En esa gestión, decidió negar al grupo que lo había encumbrado y repartió beneficios y desgracias entre algunos de los integrantes; se apartó de Pancho Bulnes y premió a muchos, comenzando por Núñez y Sierra; navegó sin tropiezos en los debates sobre dónde ubicar la responsabilidad de, o el derecho a, la emisión de dinero; creó y promovió leyes que ayudaban a los bancos de la capital y castigaban a los de provincia. Recibió, en fin, el reconocimiento de Porfirio Díaz, aunque no en la medida de su gran expectativa; pudo cambiar de opinión cuando las cosas cambiaron y asumir, con mucho más que resignación, la intervención creciente del Estado en el sistema económico, ya para nacionalizar los ferrocarriles, ya para encargar una magna obra, coordinada por Justo Sierra, sobre La evolución social del país.

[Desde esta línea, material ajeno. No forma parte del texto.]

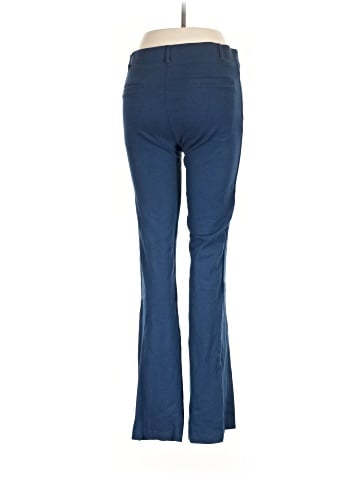 Betabrand Active Pants (view 2)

Experimentó la costosa metamorfosis de víctima en victimario, al persuadir al dictador de presentar su renuncia y negociar con los maderistas, por lo que parte significativa de los porfirianos le acusaron de traidor; salió del país para no retornar nunca… Con una redacción envidiable, con una precisión indiscutible y con un mundo de referencias, Leonardo Lomelí nos cuenta esta notable historia y termina diciendo que el intervencionismo no disminuyó en la política económica posrevolucionaria y, como con Pani textual y nuevamente, toma un enorme compromiso: “Pero ésa, es otra historia”. Con este libro, el mismo Leonardo vuelve a poner muy alta la exigencia de su producción futura; seguramente, la va a satisfacer.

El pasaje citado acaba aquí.